◆ Try it ◆
Take the line containing "Used 2025 Genesis" through the last line of the data and retype those lines exactly. Pictures do not belong in the copy.

(Recorded data)

● ● ●

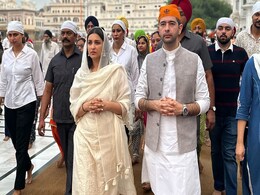 Viral: Pics Of Parineeti Chopra And Raghav Chadha From Amritsar Viral: Pics Of Parineeti Chopra And Raghav Chadha From Amritsar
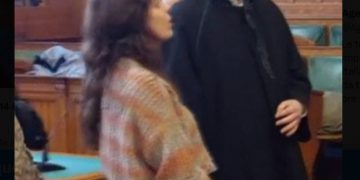 ITALIA. Imágenes de cómo trasladaron al juicio a la militante antifascista Ilaria Salis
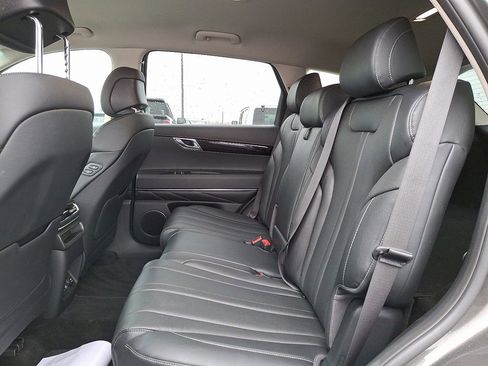 Used 2025 Genesis GV80 2.5T Standard image 10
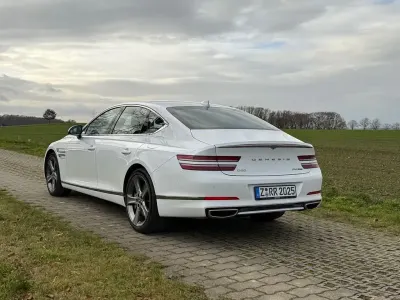 Gebraucht Hyundai Genesis 305 PS (224 kW) 2025 Weiß Limousine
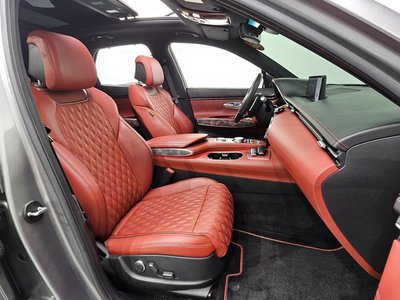 صورة مصغرة 16 لـ 2021 Genesis GV70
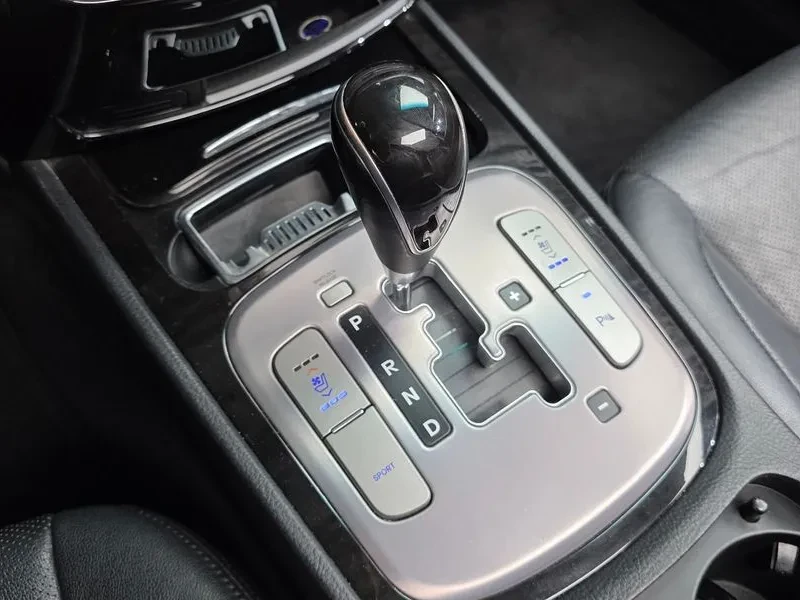 Hyundai Genesis 3.3, снимка 9 - Автомобили и джипове - 54618177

● ● ●

◆ Written solution ◆
 Used 2025 Genesis GV80 2.5T Standard image 10
 Gebraucht Hyundai Genesis 305 PS (224 kW) 2025 Weiß Limousine
 صورة مصغرة 16 لـ 2021 Genesis GV70
 Hyundai Genesis 3.3, снимка 9 - Автомобили и джипове - 54618177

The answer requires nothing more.